Speaking of death and other emotionally difficult things, let’s
talk about the “Grab a Tissue” articles—the ones that announce the fact that
you’re going to be balling your eyes out by the end. Like many things in life,
the key to actually achieving an emotion impact is to not announce, request, or
otherwise allude to the fact that one wants to have an emotional impact.
What if JFK had said before beginning his inaugural address,
“Guys, I’m going to get you excited about going to the moon and doing cool
stuff for your country”?
Or what if Martin Luther King Jr. had said before his “I
Have a Dream” speech, “Find a handkerchief, people. This speech is going to
make you cry about the possibility of racial equality”?
We all know instinctively that such announcements would be
tasteless. They are equally tasteless as article titles. Please don’t tell me
that I’m going to cry—because I’m have this weird rebellious streak and am probably
going to try really hard not to cry, just to prove you wrong.

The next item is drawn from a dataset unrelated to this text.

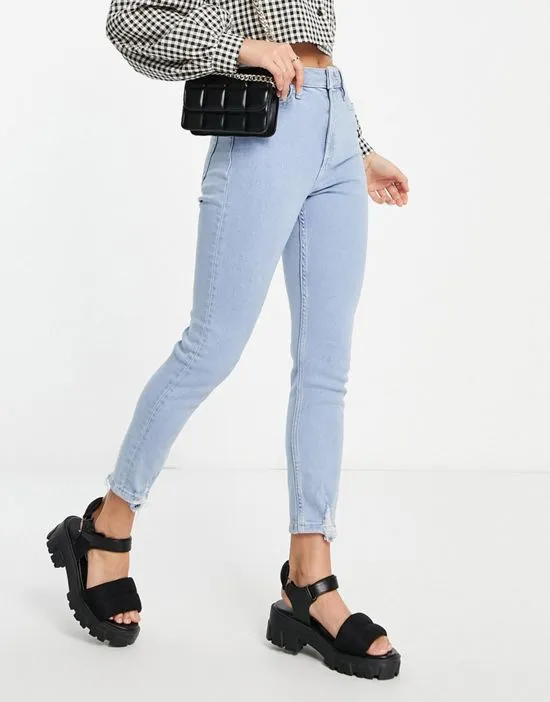 https://images.styletyx.com/images/petite-lizzie-skinny-jeans-with-fray-hem-in-lightwash-blue-miss-selfridge-1783573_4.webp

So my advice to all would-be article writers is this: follow
the literary model. Try a prepositional phrase, like Where the Red Fern Grows or Where
the Wild Things Are. Doesn’t that sound much classier? Or go for two nouns
and a conjunction, such as Crime and
Punishment. Or use a simile, such as “Hills Like White Elephants.” Or if
you really need to allude to the fact that you’re telling a story, use the word
“tale,” as in A Tale of Two Cities.
Hint nicely at the subject matter. Use good vocabulary words. Refrain from
trying to manipulate someone into reading your piece. Follow this advice and—with
any luck, you—like most great literary writers—will live a life of poverty and anonymity
and then be famous well after you’ve died.
So that’s it. That’s the one thing we need to stop right
now. Well, that and world hunger, war, poverty, racial injustice, and anything
related to the Kardashian family.
And if you don’t send this pretentious and slightly abrasive
blog post to ten of your friends or repost it on Facebook, nothing will happen
to you because you kept it to yourself. You’ll be fine. I promise.